Naïve Sociology – The Core Processes of Learning and Acting in Social Groups
Extended research has supported the idea that the capacity to represent and think in social categories constitutes a fundamental characteristic of the human cognitive system; even human infants and young children are sensitive to the boundaries of certain social groups. However, the function this capacity serves is still debated. A novel proposal to explain this phenomenon is that during social categorization the human mind aims at mapping out social groups defined by a certain set of shared knowledge. The categorization of social partners has important epistemic advantages for humans, most prominently at the beginning of their life: it serves the purpose of identifying reliable sources of information for the sake of cultural knowledge acquisition.
The presentation will focus on two sets of empirical studies that are in line with the above proposal. The first one underlines that children are ready to selectively trust and learn from in-group teachers when their demonstration involves culturally determined information. The second set of studies grasp the basic cognitive process that enables adequate, fast behavioral adjustments in social situations, namely the availability of online, quasi-automatic knowledge detection in adults.

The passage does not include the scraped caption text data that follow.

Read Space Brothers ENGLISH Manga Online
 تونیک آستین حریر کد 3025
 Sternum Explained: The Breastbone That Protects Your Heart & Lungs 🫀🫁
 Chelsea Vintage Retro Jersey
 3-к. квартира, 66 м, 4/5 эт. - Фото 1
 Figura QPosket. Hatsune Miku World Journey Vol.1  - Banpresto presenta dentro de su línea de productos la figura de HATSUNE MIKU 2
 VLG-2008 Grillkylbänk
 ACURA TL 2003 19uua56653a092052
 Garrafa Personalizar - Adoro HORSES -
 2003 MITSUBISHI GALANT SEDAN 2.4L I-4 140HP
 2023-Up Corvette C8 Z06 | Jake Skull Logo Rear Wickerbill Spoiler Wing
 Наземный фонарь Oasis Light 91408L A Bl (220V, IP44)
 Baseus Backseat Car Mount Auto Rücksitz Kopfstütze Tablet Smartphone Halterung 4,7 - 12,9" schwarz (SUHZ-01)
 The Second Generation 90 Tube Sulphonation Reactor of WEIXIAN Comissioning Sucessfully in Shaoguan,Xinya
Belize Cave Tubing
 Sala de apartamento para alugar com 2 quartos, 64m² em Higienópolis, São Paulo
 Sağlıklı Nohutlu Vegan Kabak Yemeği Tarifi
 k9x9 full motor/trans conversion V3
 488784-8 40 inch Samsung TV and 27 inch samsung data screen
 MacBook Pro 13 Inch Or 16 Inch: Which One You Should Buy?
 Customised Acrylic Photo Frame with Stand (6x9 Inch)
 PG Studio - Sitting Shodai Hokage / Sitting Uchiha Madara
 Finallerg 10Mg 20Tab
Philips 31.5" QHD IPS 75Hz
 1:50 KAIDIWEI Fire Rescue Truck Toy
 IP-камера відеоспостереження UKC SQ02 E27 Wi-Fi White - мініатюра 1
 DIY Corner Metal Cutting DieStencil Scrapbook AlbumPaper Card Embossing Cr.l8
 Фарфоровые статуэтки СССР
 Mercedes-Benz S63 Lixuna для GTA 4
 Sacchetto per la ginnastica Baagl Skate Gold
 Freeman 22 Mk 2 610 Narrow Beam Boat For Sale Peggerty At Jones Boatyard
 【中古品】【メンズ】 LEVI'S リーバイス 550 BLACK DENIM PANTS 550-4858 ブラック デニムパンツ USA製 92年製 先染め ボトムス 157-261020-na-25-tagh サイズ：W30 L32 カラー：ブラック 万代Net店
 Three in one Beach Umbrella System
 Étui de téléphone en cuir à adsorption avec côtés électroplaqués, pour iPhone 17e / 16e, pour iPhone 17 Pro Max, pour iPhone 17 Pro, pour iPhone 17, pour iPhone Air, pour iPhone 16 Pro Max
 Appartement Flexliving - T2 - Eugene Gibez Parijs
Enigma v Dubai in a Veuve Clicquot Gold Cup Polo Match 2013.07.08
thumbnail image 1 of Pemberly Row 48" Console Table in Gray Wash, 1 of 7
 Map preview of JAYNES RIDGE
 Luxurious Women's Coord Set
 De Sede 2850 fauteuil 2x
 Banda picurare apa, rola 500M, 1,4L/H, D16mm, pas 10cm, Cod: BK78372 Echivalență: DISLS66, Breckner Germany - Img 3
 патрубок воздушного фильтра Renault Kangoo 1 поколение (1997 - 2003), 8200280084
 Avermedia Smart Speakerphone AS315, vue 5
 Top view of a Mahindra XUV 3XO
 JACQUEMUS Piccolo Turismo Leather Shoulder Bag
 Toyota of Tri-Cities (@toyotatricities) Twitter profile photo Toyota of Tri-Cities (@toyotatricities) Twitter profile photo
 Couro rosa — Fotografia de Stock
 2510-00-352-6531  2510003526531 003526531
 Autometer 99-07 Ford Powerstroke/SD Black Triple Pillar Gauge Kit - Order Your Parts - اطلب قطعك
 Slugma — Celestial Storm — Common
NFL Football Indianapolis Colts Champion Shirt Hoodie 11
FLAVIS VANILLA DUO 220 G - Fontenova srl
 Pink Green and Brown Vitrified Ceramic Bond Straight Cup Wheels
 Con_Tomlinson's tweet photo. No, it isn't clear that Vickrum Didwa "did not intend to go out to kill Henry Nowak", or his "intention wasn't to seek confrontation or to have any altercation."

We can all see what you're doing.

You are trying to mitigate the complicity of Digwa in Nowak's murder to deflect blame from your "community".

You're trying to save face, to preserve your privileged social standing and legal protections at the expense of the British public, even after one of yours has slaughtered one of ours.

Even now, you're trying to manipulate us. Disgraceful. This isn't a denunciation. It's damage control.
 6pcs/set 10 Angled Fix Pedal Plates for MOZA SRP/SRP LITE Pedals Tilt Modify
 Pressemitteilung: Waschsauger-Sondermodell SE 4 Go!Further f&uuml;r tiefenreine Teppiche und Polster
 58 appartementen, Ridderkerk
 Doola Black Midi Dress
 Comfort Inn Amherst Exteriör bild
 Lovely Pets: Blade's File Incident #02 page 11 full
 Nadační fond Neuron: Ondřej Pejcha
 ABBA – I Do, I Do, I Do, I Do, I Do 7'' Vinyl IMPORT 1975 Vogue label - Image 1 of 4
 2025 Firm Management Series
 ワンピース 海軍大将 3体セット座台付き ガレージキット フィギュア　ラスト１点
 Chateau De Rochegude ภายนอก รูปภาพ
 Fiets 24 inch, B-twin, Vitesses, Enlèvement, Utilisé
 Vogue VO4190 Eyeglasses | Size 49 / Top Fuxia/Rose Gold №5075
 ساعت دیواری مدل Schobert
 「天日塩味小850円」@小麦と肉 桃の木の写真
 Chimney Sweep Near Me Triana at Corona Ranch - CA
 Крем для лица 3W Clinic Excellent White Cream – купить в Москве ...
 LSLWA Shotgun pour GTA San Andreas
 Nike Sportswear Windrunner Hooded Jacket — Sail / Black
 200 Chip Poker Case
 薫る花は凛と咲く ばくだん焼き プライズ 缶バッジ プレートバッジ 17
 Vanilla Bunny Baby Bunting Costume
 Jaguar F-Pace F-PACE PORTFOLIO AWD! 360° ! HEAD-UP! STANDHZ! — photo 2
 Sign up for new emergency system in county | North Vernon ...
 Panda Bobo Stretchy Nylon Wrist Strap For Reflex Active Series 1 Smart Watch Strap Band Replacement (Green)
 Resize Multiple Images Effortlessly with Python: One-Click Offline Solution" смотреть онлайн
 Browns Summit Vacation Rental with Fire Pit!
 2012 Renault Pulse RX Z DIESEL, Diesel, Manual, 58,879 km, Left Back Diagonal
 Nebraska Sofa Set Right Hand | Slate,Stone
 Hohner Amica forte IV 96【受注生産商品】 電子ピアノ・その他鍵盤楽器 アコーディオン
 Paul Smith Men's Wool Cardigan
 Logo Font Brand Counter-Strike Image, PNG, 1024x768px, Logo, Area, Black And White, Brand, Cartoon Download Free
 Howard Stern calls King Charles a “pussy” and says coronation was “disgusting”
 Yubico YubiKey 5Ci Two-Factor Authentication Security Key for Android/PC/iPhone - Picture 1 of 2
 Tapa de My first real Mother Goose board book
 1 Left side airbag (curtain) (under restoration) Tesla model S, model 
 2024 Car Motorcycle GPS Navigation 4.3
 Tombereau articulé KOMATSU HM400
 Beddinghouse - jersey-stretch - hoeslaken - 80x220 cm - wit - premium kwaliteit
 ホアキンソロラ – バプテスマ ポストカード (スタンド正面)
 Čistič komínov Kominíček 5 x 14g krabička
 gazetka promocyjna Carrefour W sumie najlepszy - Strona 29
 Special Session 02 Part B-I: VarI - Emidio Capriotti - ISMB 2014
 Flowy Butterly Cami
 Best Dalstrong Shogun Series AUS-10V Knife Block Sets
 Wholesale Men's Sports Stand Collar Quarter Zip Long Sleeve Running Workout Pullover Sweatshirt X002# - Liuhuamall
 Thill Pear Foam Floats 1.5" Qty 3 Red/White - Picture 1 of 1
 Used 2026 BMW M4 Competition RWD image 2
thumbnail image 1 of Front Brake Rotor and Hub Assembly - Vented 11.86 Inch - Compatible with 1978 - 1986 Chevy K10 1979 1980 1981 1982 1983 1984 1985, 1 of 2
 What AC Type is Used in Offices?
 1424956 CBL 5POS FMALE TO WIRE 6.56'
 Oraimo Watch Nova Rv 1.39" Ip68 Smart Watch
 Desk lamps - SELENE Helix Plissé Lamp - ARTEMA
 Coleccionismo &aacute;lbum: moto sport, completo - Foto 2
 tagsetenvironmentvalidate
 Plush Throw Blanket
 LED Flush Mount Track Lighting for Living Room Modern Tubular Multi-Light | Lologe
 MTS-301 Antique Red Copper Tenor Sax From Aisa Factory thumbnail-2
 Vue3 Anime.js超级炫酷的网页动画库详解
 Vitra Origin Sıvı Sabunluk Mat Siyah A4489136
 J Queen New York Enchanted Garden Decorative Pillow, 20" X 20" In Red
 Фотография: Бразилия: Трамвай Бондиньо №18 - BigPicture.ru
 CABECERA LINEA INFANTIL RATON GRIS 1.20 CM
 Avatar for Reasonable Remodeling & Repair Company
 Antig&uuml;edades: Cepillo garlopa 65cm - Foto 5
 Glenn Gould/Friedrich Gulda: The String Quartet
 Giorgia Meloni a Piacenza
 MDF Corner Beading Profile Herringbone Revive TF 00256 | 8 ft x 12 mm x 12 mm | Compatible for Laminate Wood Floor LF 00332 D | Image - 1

Ildikó Király is an Associate Professor at the Cognitive Psychology Department of Eötvös Loránd University Budapest. Her research focuses on social cognition, most importantly on the understanding of social learning mechanisms and the basic processes underlying social interactions, like understanding others’ perspectives and the theory of other minds. Recent publications of hers include Beyond rational imitation: learning arbitrary means actions from communicative demonstrations, Journal of Experimental Child Psychology, 2013 or Social category formation is induced by cues of sharing knowledge in young children, 2014 Plos One. She currently works on a model that proposes that the function of naïve sociology, namely the need for categorization of social partners, has important epistemic advantages for humans: the identification of reliable sources of information for the sake of fast cultural knowledge acquisition.